Find the line that contains "8z0378 LUPE VELEZ". Copy it and every line after it to the end of the material below, exactly, with no pictures.
DATA LISTING Start Marker
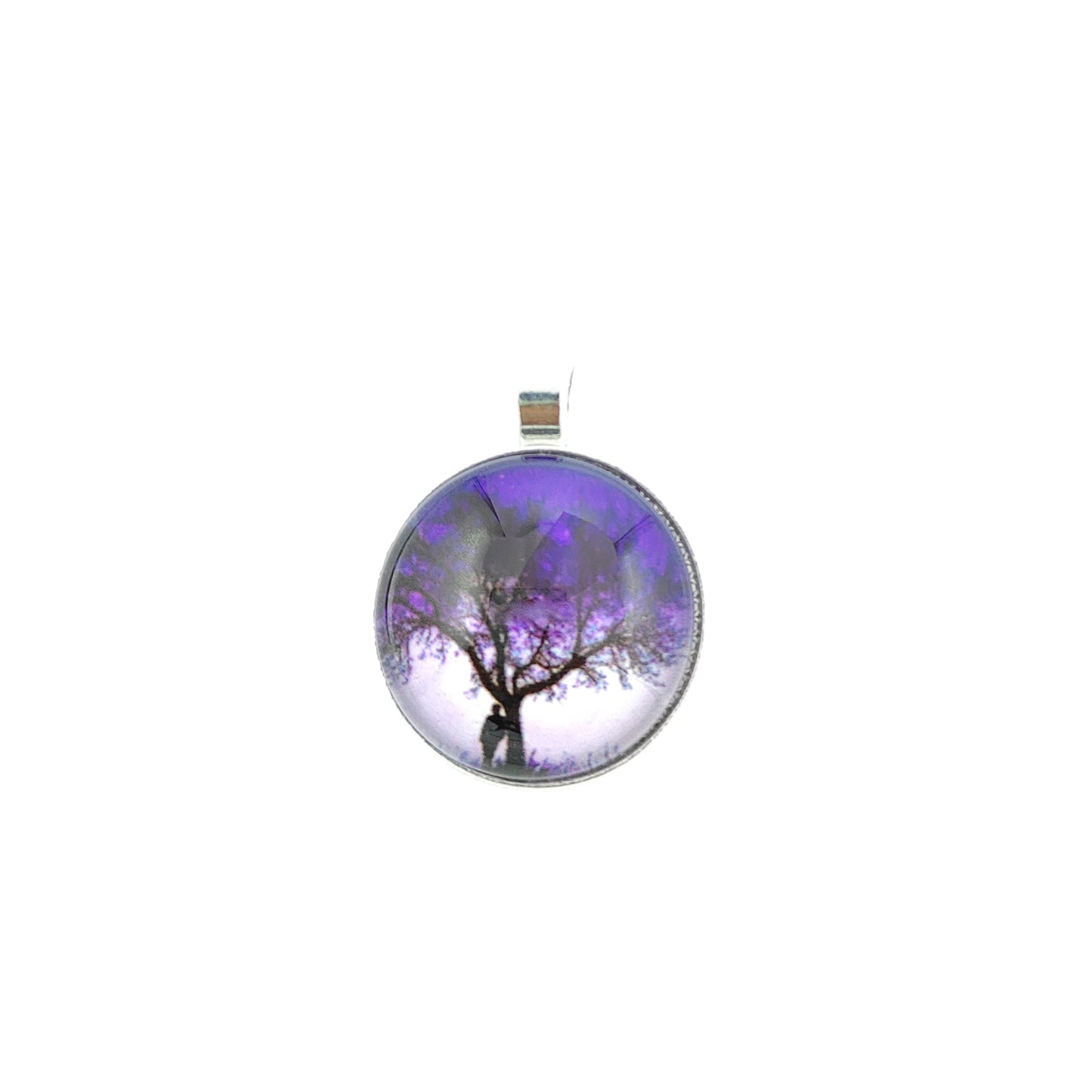 Tree of Life Purple Pendant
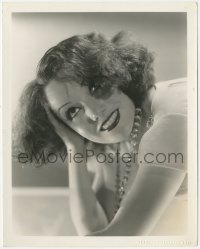 8z0378 LUPE VELEZ deluxe 8x10 still 1933 great sexy smiling portrait by Clarence Sinclair Bull!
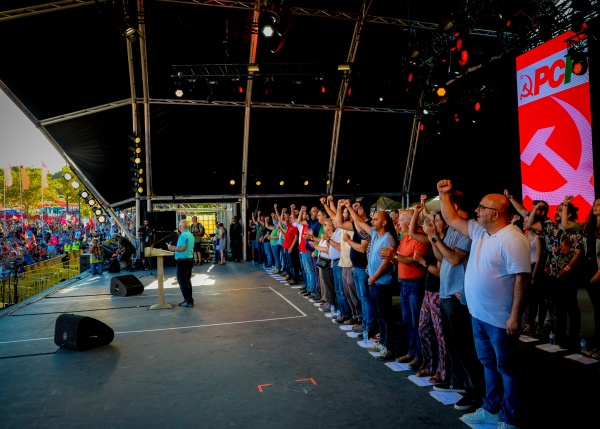 Comício da 46.ª edição da Festa do Avante!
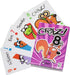 Crazy 8's Card Game for Kids 4 5 6 7 8+ by Regal Games | Funny Travel Board Game for Families (1 Pack)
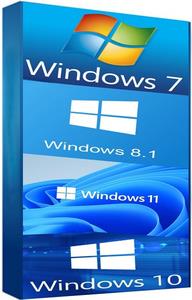 Windows All (7, 8.1, 10, 11) All Editions With Updates AIO 52in1 August 2023 Preactivated (x64) 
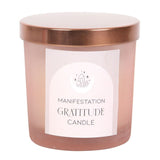 Gratitude Pink Wild Rose Crystal Chip Candle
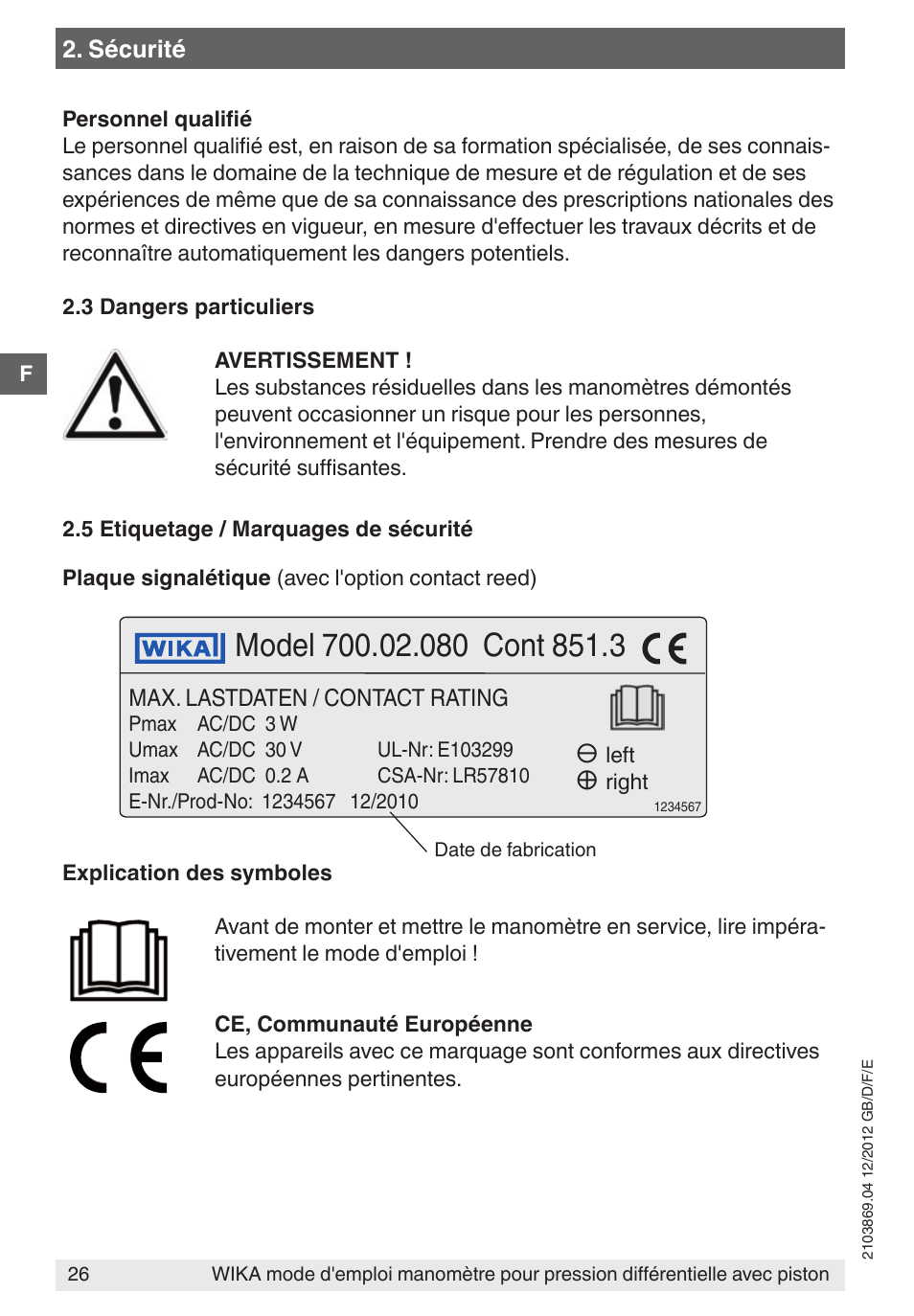 WIKA 700.02 User Manual | Page 26 / 44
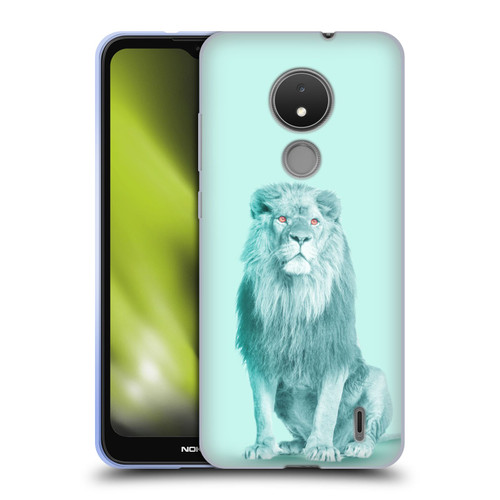Mark Ashkenazi Pastel Potraits Lion Soft Gel Case for Nokia C21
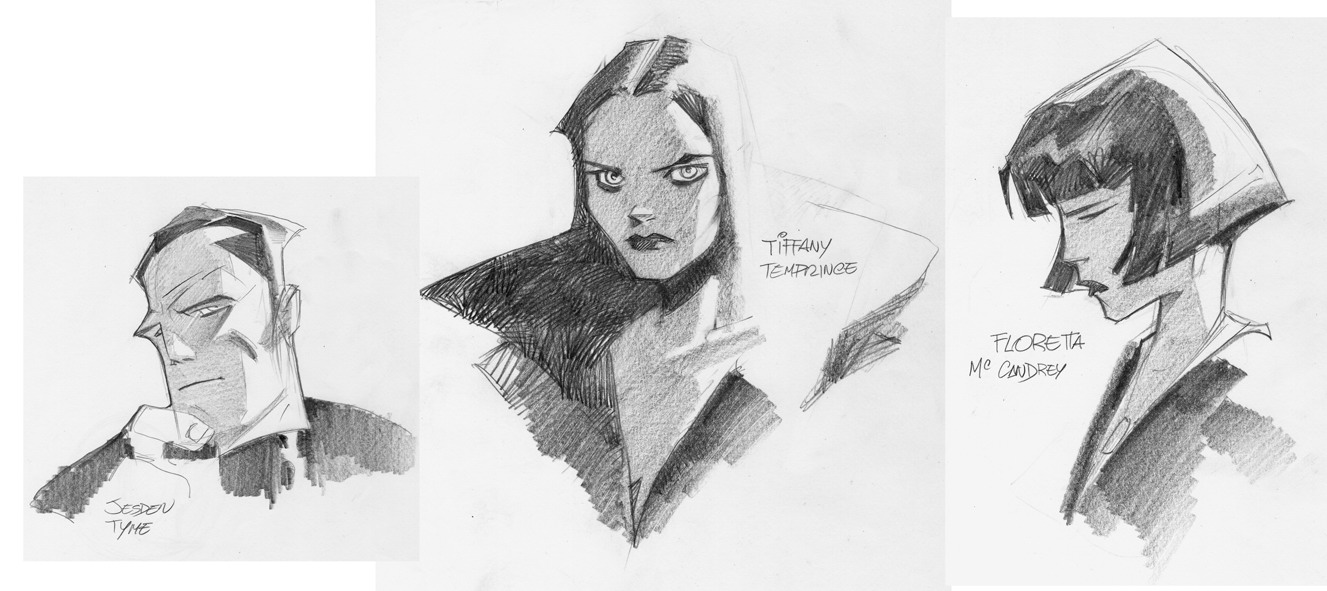 Infinite City, character study by CarlosMeglia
DATA LISTING End Marker
▶ _WRITTEN RESPONSE_:
 8z0378 LUPE VELEZ deluxe 8x10 still 1933 great sexy smiling portrait by Clarence Sinclair Bull!
 Comício da 46.ª edição da Festa do Avante!
 Crazy 8's Card Game for Kids 4 5 6 7 8+ by Regal Games | Funny Travel Board Game for Families (1 Pack)
 Windows All (7, 8.1, 10, 11) All Editions With Updates AIO 52in1 August 2023 Preactivated (x64) 
 Gratitude Pink Wild Rose Crystal Chip Candle
 WIKA 700.02 User Manual | Page 26 / 44
Mark Ashkenazi Pastel Potraits Lion Soft Gel Case for Nokia C21
 Infinite City, character study by CarlosMeglia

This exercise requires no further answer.